Six Step Troubleshooting, Quick Touch Method

Troubleshooting and Servicing

Six Step Troubleshooting

The following six step method of troubleshooting will save time and effort in the diagnosis and analysis of air conditioning problems. It provides a logical approach to solving the problem, not just treating the symptoms. The steps are as follows:

➊Verify the problem (Operational check) Check that the problem does exist.

Are components inoperable or malfunctioning?

➋Determine related symptoms (Operational check) Identify other symptoms that exist.

Are other circuits and components affected?

Do the related symptoms always occur with the primary symptom?

➌Isolate the problem

Use the split half technique, the wiring diagrams, the troubleshooting trees, appropriate model year service manuals, and manufacturer’s manuals to locate the problem.

➍Identify the cause of the problem Is a circuit grounded?

Proper vacuum not available?

Belt alignment and/or tension improperly adjusted, or is a component defective?

➎Repair and/or replace

Defective wiring, vacuum lines, and components as required.

Confirm proper adjustment of components as required.

➏Verify operation

Check the system to verify that the problem has been solved. Ensure that all system components operate properly under standard operating conditions according to technical specifications.

Also check related systems for proper operation.

Quick Touch Method

An important step in troubleshooting air conditioning systems is to use the quick touch method. Very briefly touch the components and tubing on the high side and the low side of the system. High side components should feel warm or hot to touch, while the low side components should feel cool to the touch. Exercise caution when performing this procedure on high side of the system. The tubing and components may be hot enough to cause minor burns. Do not touch or hold for extended periods of time.

Note: If a component on the high side of the system located before the Thermal Expansion Valve is cool or cold, this is an indication of a restriction.

Servicing

Manifold Gauges

The manifold gauges measure the pressures of the low side or suction side and the high side or discharge side of the system. The gauges are calibrated in “psi for pressure” and “inches of mercury for vacuum”. Note that zero (0) psi is equal to sea level or 14.7 psi, or the pressure at the altitude level at which the gauge is being used.

The gauge set consists of the valve body, the connectors for the low pressure, charge or evacuation, and high pressure hoses, and the gauges. The service valves are infinitely adjustable between fully open and fully closed.

Quick Touch Method

Manifold Gauges

R-12, R-134A specifications

Subaru, a renowned automotive manufacturer, has made significant advancements in its air conditioning refrigerant technologies, particularly in its use of R-12 and R-134A. Understanding these refrigerants is crucial for enthusiasts and technicians alike, as they are integral to Subaru's climate control systems.

R-12, also known as dichlorodifluoromethane, was commonly used in automotive air conditioning systems until the late 20th century. It is a chlorofluorocarbon (CFC) that proved to be highly efficient in cooling systems, offering optimal performance in various conditions. However, environmental concerns over ozone depletion led to a phasedown of its use. Subaru vehicles produced before the early 1990s often utilized R-12, characterized by its stable properties and excellent thermodynamic performance. Despite its effectiveness, the negative environmental impact of R-12 has rendered it obsolete in modern automotive applications.
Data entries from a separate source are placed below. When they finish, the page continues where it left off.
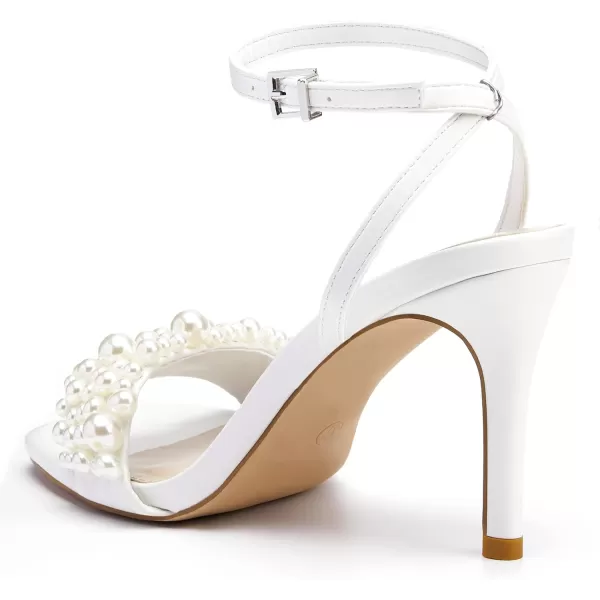 Coutgo Women's Open Toe Heeled Sandals Pearl Strap Stiletto Heel Ankle Buckle Strap Summer Shoes Pumps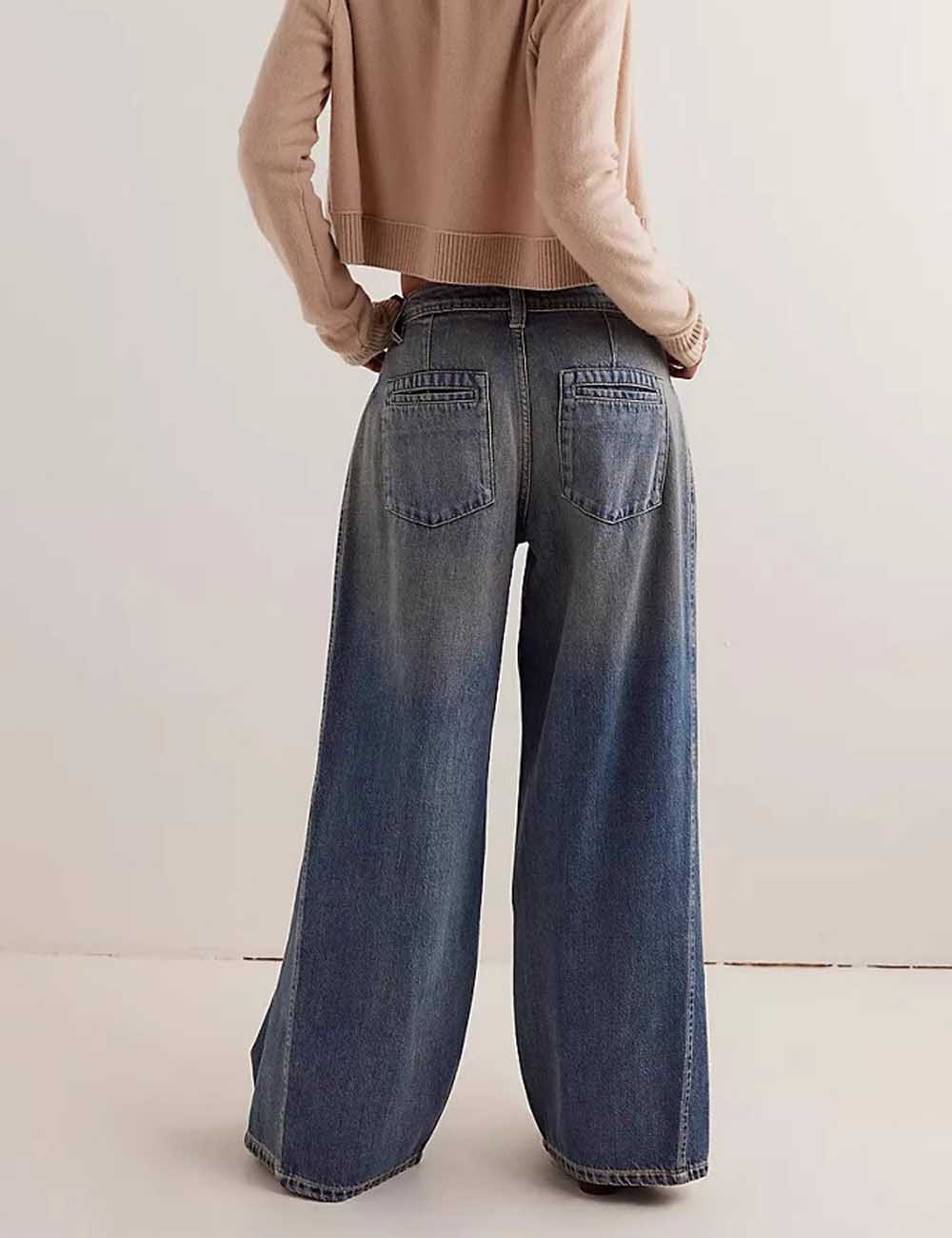 Distressed Washed Mid Waist Wide Leg Denim Pants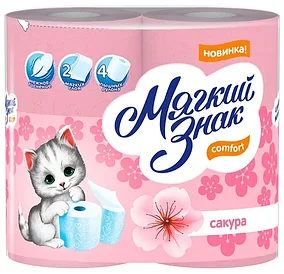 Бумага туалетная  Мягкий Знак  Комфорт 4 рулона (сакура)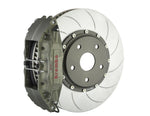 A front view of Brembo 328x352-Piece 4-Piston Iron Type 5 Rotors for Mitsubishi Lancer Evo X with white background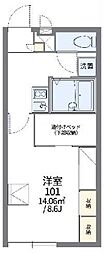 レオパレスリバーサイド五所 1Kの間取図画像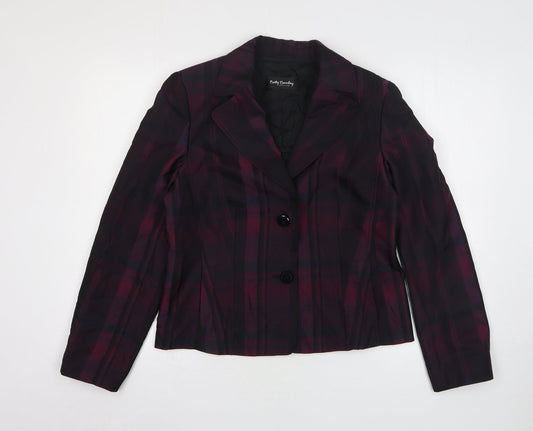 Betty Barclay Womens Purple Plaid Polyester Jacket Suit Jacket Size 14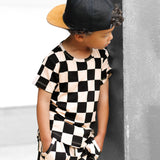 Biker Two Piece Set in Taupe + Black Checkered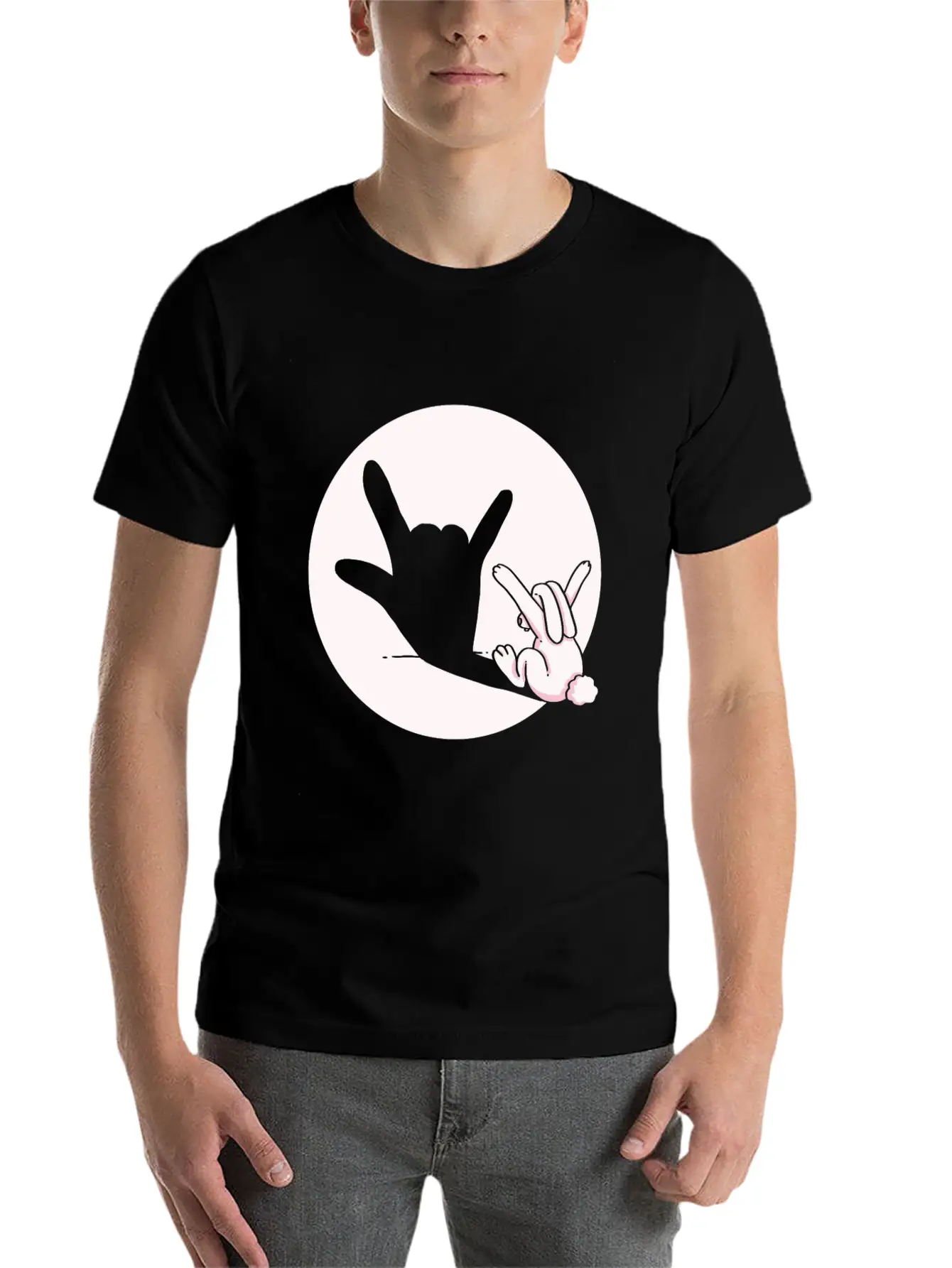 Shadow Bunny Cool Hand Gesture Gift Idea Timeless Short Sleeve Tee – Comfy And Minimalist Design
Adapting to these challenges, Subaru transitioned to R-134A, or tetrafluoroethane, in the 1990s. R-134A is a hydrofluorocarbon (HFC) that does not deplete the ozone layer, making it a more environmentally friendly alternative to R-12. This transition coincided with Subaru's commitment to sustainability and compliance with international regulations. R-134A boasts several advantages, including lower global warming potential and improved efficiency in cooling performance. Its thermodynamic properties provide effective heat absorption, ensuring that Subaru drivers can rely on consistent climate control, regardless of external temperatures.

Subaru has integrated R-134A into its vehicle technology without compromising performance. Newer models utilize advanced HVAC systems that maximize refrigerant efficiency while maintaining comfort. Features such as variable compressor speed control enhance overall system performance, allowing for quicker cooling response and reduced energy consumption. Additionally, Subaru employs meticulous system designs to minimize refrigerant leakage, further supporting environmental initiatives.

The transition from R-12 to R-134A exemplifies Subaru's responsiveness to both performance and environmental concerns. As regulations continue to evolve, it's expected that Subaru will continue to innovate in refrigerant technology, prioritizing sustainability while delivering reliable and efficient climate control for its drivers. As vehicle technology advances, it's clear that Subaru remains committed to adapting its systems for a cleaner, more efficient future.